British Granny Sentenced To Death By Firing Squad For Drug Smuggling Is 'Shocked, Depressed & Crying'
Jan. 24 2013, Published 1:19 p.m. ET
Back in her Bali prison after receiving a sentence of death by firing squad on Tuesday, British grandmother Lindsay Sandiford is overwhelmed by the devastating news and refusing to even emerge from her cell to see closest relatives.
"She looked shocked and very depressed today. She also kept crying. She just locked herself in the cell and she doesn't want to talk and meet anyone," a female guard at the Kerobokan Jail on the tropical Indonesian island told the Melbourne Herald Sun.
As RadarOnline.com previously reported, the 56-year-old granny, from Gloucestershire, England, was arrested at the airport last May after 10.6 pounds of cocaine was found in the lining of her suitcase during a routine customs check — however she maintains that she was forced to take the drugs into the country by a gang that was threatening to hurt her children.
When Sandiford's sister, Hilary Parsons, came to visit her on Wednesday she was too upset to even leave the cell she shares with 12 other women and her sibling was eventually escorted from the visiting area to see her.

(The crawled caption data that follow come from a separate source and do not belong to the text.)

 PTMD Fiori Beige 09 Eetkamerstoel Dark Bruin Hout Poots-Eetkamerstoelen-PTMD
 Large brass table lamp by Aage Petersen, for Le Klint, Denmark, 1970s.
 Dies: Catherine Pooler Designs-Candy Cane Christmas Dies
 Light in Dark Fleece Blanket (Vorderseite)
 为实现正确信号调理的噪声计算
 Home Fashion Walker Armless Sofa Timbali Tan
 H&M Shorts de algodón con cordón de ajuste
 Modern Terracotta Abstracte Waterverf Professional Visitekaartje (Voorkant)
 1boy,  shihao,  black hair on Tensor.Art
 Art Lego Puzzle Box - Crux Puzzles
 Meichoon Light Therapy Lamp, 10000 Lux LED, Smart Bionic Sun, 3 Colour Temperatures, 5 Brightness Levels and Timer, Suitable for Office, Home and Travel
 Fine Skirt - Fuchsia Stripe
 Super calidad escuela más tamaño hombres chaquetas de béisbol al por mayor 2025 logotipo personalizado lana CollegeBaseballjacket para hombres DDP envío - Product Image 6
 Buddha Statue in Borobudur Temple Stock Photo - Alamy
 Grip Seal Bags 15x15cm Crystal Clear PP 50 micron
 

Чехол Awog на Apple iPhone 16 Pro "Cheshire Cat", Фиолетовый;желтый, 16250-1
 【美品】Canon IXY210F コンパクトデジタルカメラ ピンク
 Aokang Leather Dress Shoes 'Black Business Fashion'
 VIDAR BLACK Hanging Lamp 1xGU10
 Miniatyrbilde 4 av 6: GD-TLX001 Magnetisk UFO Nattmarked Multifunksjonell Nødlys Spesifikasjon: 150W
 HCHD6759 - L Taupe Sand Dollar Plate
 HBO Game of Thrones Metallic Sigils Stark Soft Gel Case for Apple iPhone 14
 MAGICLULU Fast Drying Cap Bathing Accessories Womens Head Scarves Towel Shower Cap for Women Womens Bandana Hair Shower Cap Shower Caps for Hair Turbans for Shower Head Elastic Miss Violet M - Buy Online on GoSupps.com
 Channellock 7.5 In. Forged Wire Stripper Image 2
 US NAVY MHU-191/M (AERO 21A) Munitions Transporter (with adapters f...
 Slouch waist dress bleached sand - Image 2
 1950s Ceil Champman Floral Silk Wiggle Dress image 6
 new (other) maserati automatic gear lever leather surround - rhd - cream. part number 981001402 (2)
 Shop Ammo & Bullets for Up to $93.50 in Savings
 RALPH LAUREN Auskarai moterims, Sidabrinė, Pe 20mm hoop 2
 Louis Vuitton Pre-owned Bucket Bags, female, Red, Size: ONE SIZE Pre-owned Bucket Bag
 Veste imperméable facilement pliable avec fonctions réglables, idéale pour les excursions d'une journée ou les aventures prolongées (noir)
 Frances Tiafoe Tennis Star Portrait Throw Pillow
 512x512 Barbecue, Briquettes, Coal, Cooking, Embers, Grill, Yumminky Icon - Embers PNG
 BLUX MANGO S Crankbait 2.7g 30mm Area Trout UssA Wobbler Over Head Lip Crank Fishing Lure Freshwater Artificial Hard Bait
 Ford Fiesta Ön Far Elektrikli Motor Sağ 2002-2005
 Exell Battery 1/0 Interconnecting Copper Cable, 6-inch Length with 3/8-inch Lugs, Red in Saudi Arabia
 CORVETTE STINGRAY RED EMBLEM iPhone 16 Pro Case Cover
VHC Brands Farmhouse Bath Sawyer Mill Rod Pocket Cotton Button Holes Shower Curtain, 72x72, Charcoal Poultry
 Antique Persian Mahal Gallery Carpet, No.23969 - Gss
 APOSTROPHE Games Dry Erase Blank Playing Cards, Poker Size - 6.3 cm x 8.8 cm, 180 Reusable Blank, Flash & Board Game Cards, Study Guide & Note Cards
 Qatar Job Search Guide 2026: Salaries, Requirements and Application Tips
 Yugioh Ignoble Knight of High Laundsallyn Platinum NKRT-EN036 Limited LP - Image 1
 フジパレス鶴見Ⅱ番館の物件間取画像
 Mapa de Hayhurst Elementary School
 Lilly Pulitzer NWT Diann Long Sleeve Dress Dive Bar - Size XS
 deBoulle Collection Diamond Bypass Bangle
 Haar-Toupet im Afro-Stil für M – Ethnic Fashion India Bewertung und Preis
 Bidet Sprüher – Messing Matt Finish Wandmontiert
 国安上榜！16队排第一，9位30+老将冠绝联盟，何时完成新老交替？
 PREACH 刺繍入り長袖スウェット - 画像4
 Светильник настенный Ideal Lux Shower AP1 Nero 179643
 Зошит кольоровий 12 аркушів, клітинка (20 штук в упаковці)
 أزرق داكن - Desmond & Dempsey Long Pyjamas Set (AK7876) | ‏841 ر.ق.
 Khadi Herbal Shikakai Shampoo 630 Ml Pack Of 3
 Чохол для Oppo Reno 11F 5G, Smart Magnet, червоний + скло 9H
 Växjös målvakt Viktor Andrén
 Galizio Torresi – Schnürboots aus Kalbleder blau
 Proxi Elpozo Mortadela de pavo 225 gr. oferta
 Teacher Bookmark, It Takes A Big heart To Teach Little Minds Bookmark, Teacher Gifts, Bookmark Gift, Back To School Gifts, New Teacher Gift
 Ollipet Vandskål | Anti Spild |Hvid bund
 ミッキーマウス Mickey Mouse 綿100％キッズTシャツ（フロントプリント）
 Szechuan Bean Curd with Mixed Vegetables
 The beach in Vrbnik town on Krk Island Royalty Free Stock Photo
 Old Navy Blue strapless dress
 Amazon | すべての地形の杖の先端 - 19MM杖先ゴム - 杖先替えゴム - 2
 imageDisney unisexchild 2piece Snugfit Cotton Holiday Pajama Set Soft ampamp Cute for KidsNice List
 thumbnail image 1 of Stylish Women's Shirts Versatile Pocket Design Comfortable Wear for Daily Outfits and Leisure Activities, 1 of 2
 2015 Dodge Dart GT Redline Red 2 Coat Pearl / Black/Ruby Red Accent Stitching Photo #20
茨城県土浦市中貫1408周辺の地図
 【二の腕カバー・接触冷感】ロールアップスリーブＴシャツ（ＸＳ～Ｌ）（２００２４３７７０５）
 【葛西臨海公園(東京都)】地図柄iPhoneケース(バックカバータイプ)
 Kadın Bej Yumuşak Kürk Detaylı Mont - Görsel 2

Her dour mood was a sharp contrast to her positive attitude the week before sentencing, during which guards said that Sandiford had adapted well to prison life and spent time doing embroidery in the cell block.
The notorious Balinese prison is highly overcrowded, with 988 male and female prisoners in a jail originally built to house one-third that number, according to the Herald Sun.
Dubbed the 'Queen of Cocaine,' because of the large amount of drugs she allegedly carried, Sandiford is now one of four foreigners on death row in Kerobokan, where she will no doubt spend years appealing her capital sentence.